Tero Karras, Samuli Laine and Timo Aila of Nvidia have just published breakthrough work on Generative Adversarial Networks and images:
“We propose an alternative generator architecture for generative adversarial networks, borrowing from style transfer literature. The new architecture leads to an automatically learned, unsupervised separation of high-level attributes (e.g., pose and identity when trained on human faces) and stochastic variation in the generated images (e.g., freckles, hair), and it enables intuitive, scale-specific control of the synthesis. The new generator improves the state-of-the-art in terms of traditional distribution quality metrics, leads to demonstrably better interpolation properties, and also better disentangles the latent factors of variation.”
I’ve blogged about Nvidia’s GANs and image generation before, but this improvement in quality is remarkable.
If I understand it correctly, the breakthrough is applying one picture as a “style” or filter on another picture.
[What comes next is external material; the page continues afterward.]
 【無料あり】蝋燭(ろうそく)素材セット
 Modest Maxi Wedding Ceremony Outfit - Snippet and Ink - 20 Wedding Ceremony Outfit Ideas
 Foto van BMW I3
Applying the filters in the left column to the pictures across the top yields the AI-generated pictures in the middle.
Read the scientific paper for full details.
Of course, we’ve seen something similar before. Way back in 1985 Godley & Creme released a music video for their song Cry; the evocative black and white video used analogue wipes and fades to blend a myriad of faces together, predating digital morphing. Here’s a cover version and video remake by Gayngs, including a cameo by Kevin Godley:
My take: Definitely scary. But if that’s the current state of the art, I think it means we are _not_ living in the Simulation — yet, even though Elon Musk says otherwise.